Rush hour morning traffic on a weekday with the freeway resembling a parking lot. On the passenger seat of a car: a work bag, a lunch bag with a sandwich and half a chocolate cookie (cravings carried over from pregnancy), a bag containing a breast pump, a hands-free pumping bra that doesn’t quite fit but does its job, breast milk storage bags and a photo of a baby who must spend the day away from its mother, just six weeks after entering this world.
In the driver’s seat, the sleepy-eyed mother, her nipples sore and leaking milk, sits in traffic ahead of a long workday, knowing that even a newborn puppy isn’t separated from its mother before eight weeks. She digs her nails into the rubber covering the steering wheel and lets it all out with a scream, imagining her cry against inadequate maternity leave in the USA rippling down the lines of cars, joining other postpartum voices across state borders, entering every lawmaker’s office and corporate headquarters in the nation, only to land on deaf ears.

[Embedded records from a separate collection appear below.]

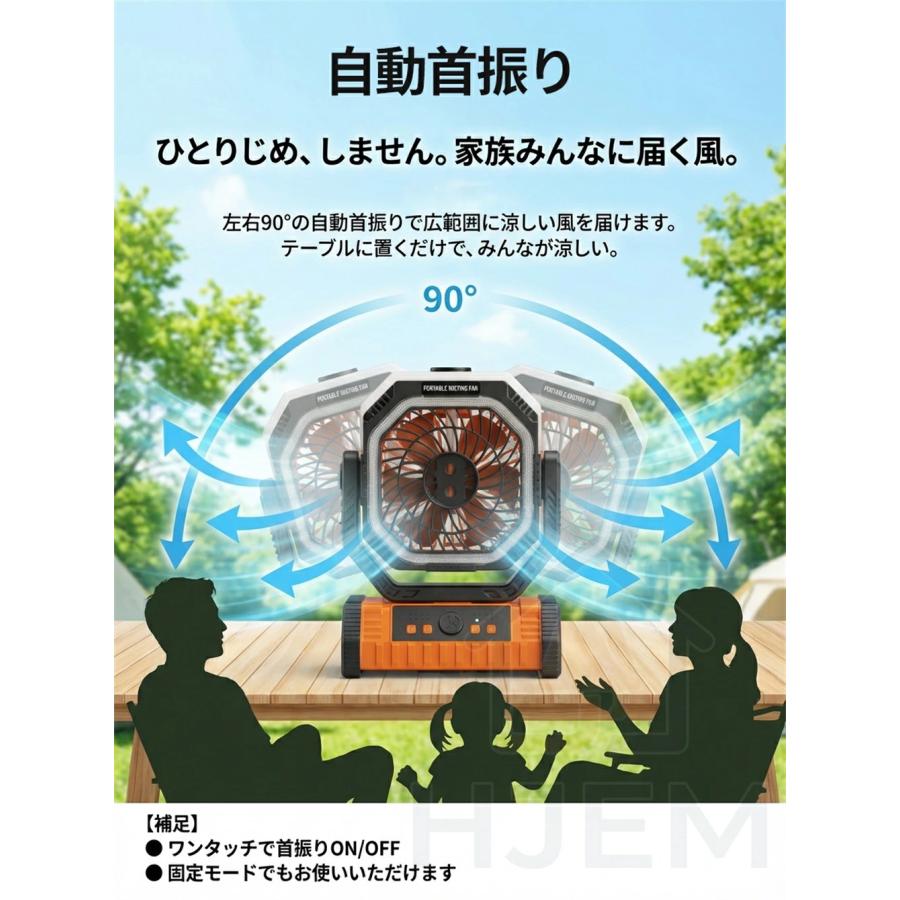 ミストファン 扇風機 首振り キャンプ扇風機 アウトドア 20000mAh 卓上
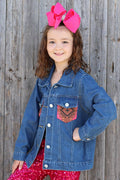DENIM JACKET W/AZTEC PRINTED POCKET & BACK.
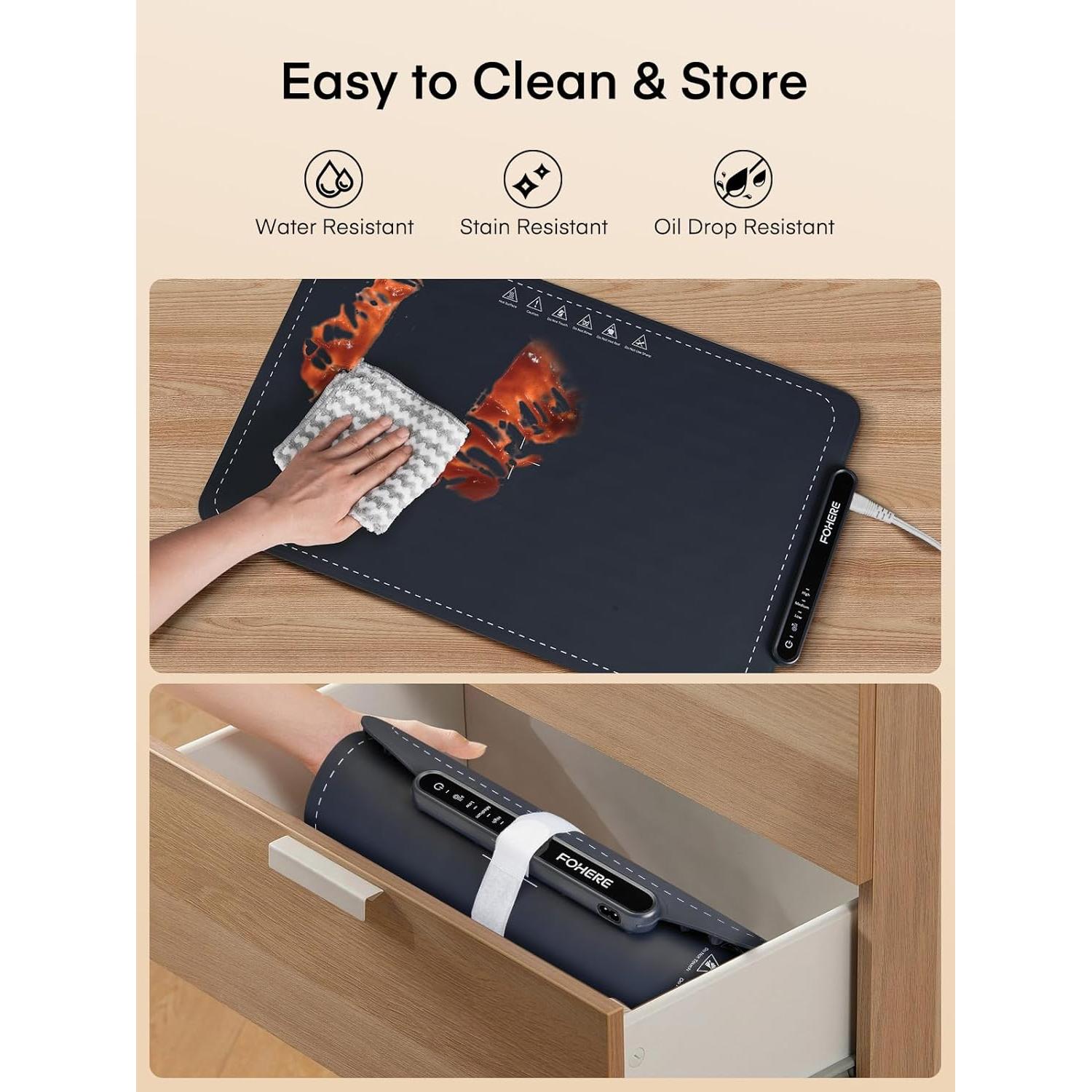 Manta Calentadora FOHERE 250W Silicona Grado Alimenticio Azul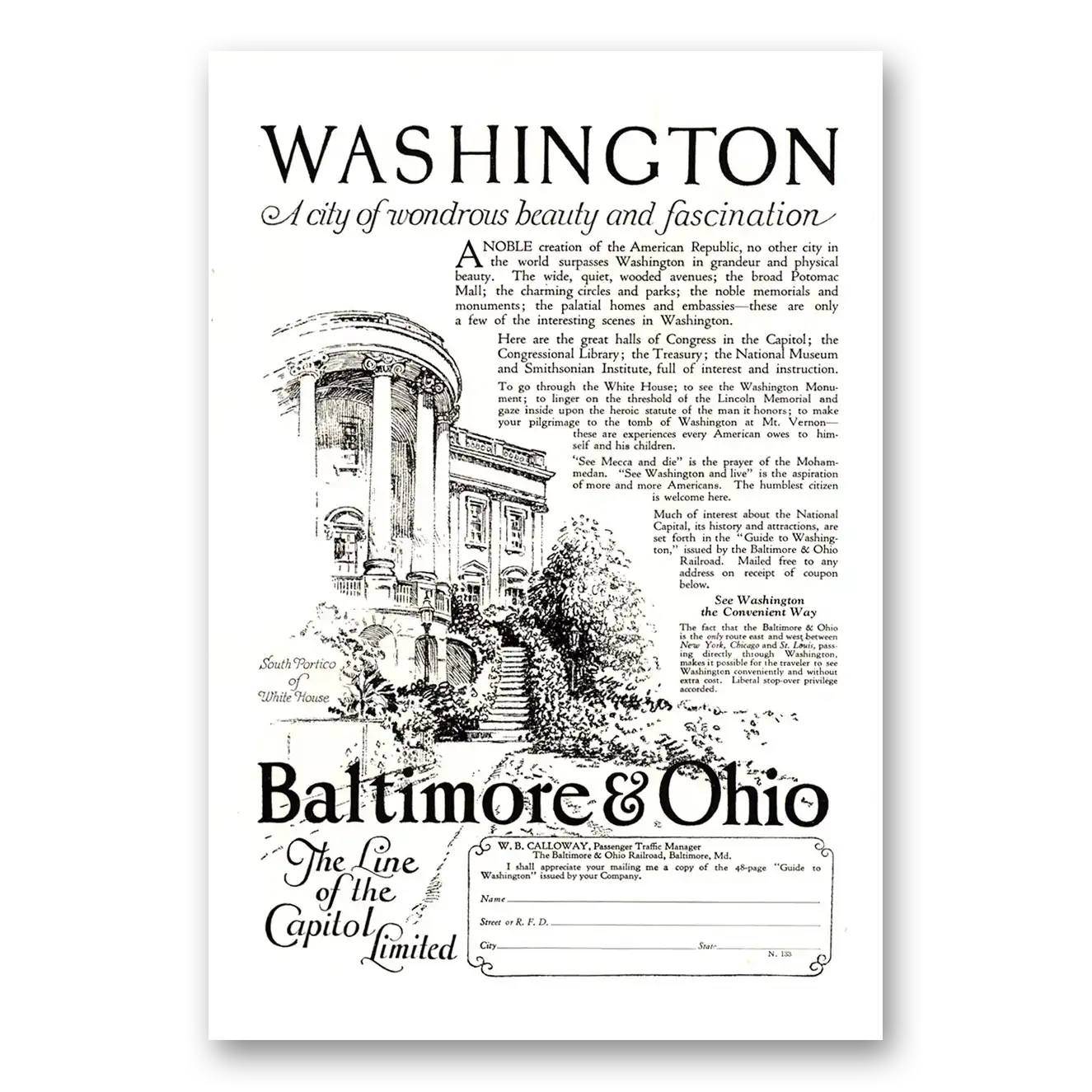 1924 Baltimore and Ohio Railroad Washington Wonderous Beauty Vintage Magazine Print Ad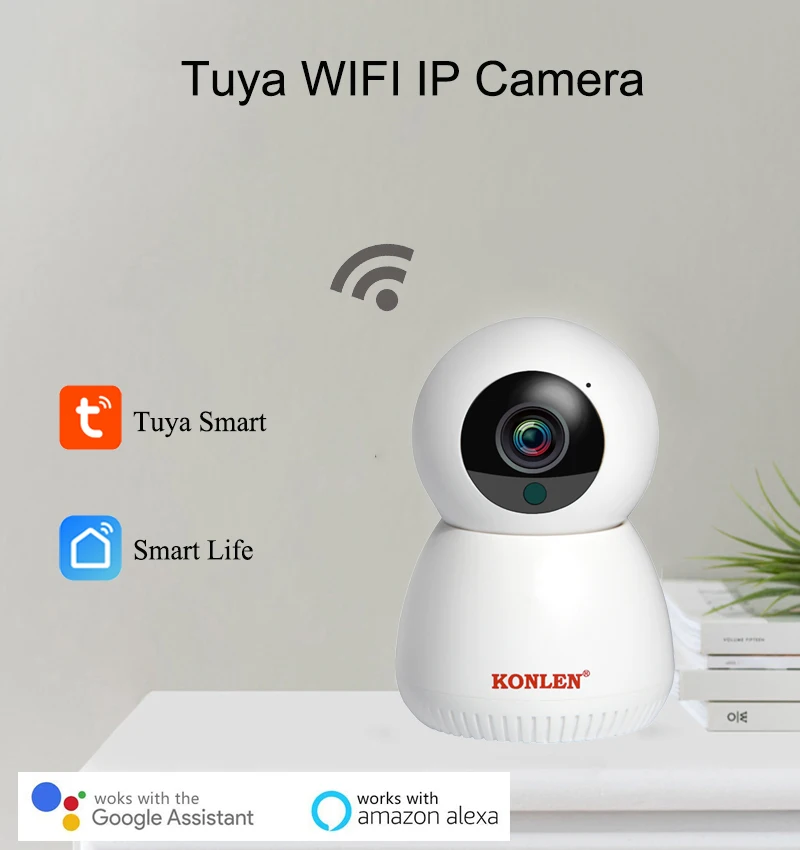 KONLEN wifi 1080P Tuya Smart Life IP камера 2MP HD аудио Совместимость с Alexa Google Assistant для домашней безопасности наблюдения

Trying to shake off her despair, she takes a deep breath. Regaining her composure, she sneaks an awkward look around to check if anyone saw her outburst. The woman in the car to her right is leaning to one side, swiping at her cell phone mounted on the dashboard. The man in the car to her left, who perhaps witnessed her muted outrage behind rolled-up windows, glances away, avoiding eye contact, and looks steadfastly ahead. She sighs, takes a sip of decaffeinated coffee from her travel mug, and inches forward in traffic that’s still crawling at a snail’s pace in the direction of an exit that’s not in sight yet.